Der 46-jährige Fußballtrainer aus Hiltrup wird ab Sommer den Bezirksligisten TuS Ascheberg übernehmen, als Nachfolger von Holger Möllers und dessen Assistenten Martin Eickmeyer.

Balderi und Ascheberg – diese Kombination dürfte manchem bekannt vorkommen. Nicht ohne Grund: Andreas Bruder Roberto coachte die Handball-Damen der HSG Ascheberg/Drensteinfurt in der Saison 2012/13.

Andrea Balderi hat es eher mit dem Fußball, und in dieser Sportart als Trainer beträchtliche Erfolge gefeiert. 13 Jahre lang war er bei Preußen Münster tätig, coachte in dieser Zeit Nachwuchsteams bis hin zu den A-Junioren und die zweite Senioren-Mannschaft der Adlerträger in der Verbandsliga.

Zusammenarbeit soll langfristig sein

Es folgten insgesamt zehn Jahre bei Borussia Münster. wo er die A-Junioren in die Landesliga führte und später mit den Senioren den Aufstieg in die Bezirksliga feierte.

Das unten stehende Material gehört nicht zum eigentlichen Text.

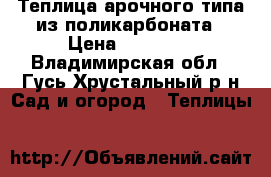 Теплица арочного типа из поликарбоната › Цена ­ 12 000 - Владимирская обл., Гусь-Хрустальный р-н Сад и огород » Теплицы   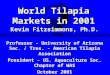 World Tilapia Markets in 2001 Kevin Fitzsimmons, Ph.D. Professor - University of Arizona Sec. / Tres. - American Tilapia Association President - US. Aquaculture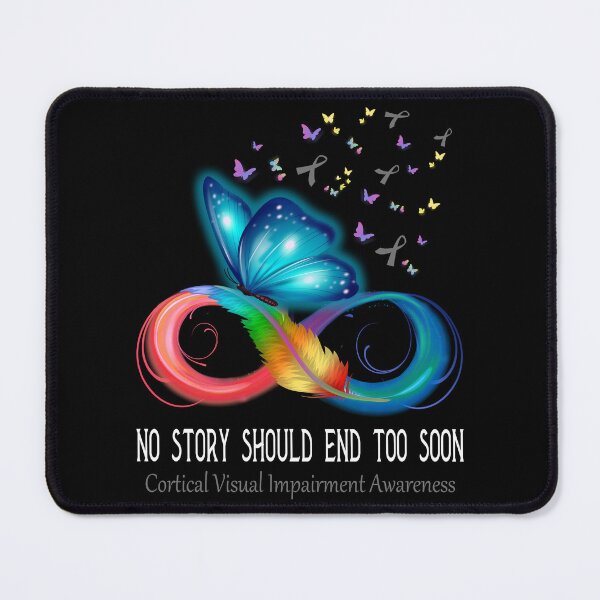 Item preview, Cortical Visual Impairment Awareness NO STORY SHOULD END TOO SOON designed and sold by Berriosly.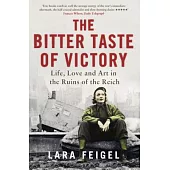 The Bitter Taste of Victory: Life, Love and Art in the Ruins of the Reich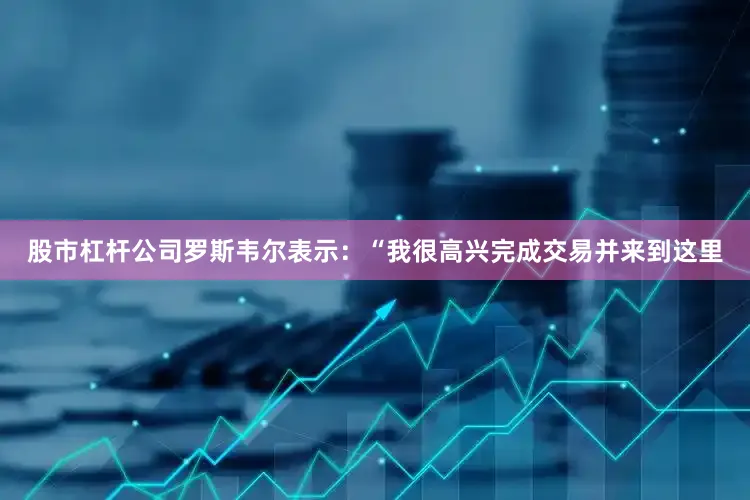 股市杠杆公司罗斯韦尔表示：“我很高兴完成交易并来到这里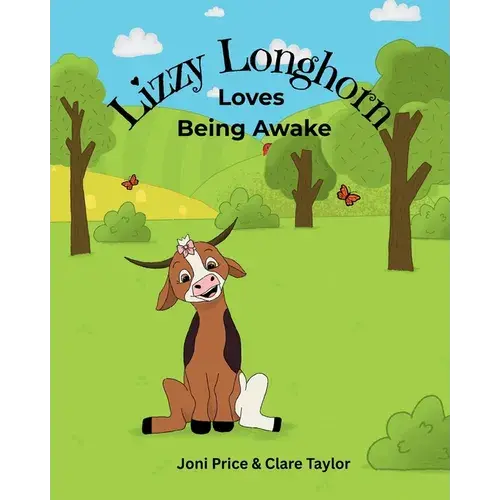 Lizzy Longhorn Loves Being Awake - Paperback 1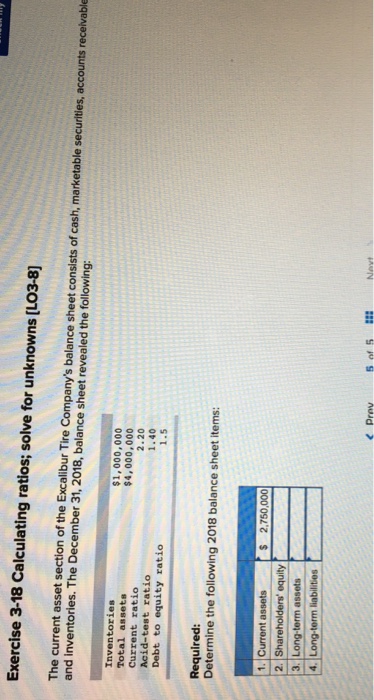  Exercise 3-18 Calculating ratios; solve for unknowns [LO3-8) The current asset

Der gleiche Erfolg gelang ihm in der vergangenen Saison mit dem SC Greven 09 – was ihn jedoch nicht vor der Entlassung Ende des Jahres 2015 bewahrte.

Des einen Leid, des anderen Freud‘: „Ich habe gelesen, dass Andrea frei ist und habe ihn angerufen“, so Volker Ernst, stellvertretender Abteilungsleiter bei den Grün-Weißen. „Dann haben wir uns zusammengesetzt und auch den Mannschaftsrat miteinbezogen.“

Die Chemie stimmte offenbar – von den vier Kandidaten, mit denen die Ascheberger Gespräche geführt hatten, bekam der Italiener den Zuschlag.

Der TuS plant auf lange Sicht mit dem neuen Cheftrainer – ebenso wie seinerzeit mit Möllers und Eickmeyer, die den Bezirksligisten seit Spätherbst 2011 coachen. „Sein größter Vorteil ist, dass er viele Jahre bei einzelnen Vereinen war“, sagt Vorstandsmitglied Ernst über Andrea Balderi und dessen ehemalige Stationen Preußen und Borussia. „Wir wollten einen langfristigen Trainer.“

Die Bezirksliga 8, in der auch der Werner SC und die beiden Bergkamener Vereine FC TuRa und FC Overberge spielen, ist für den zweifachen, aus Pisa stammenden Familienvater Neuland. „Das ist für mich wirklich eine Wundertüte“, sagt Balderi. „Aber das heißt ja nicht, dass es schlecht ist.“

Schließlich kann ein guter Koch ja auch aus unbekannten Zutaten ein leckeres Gericht zubereiten.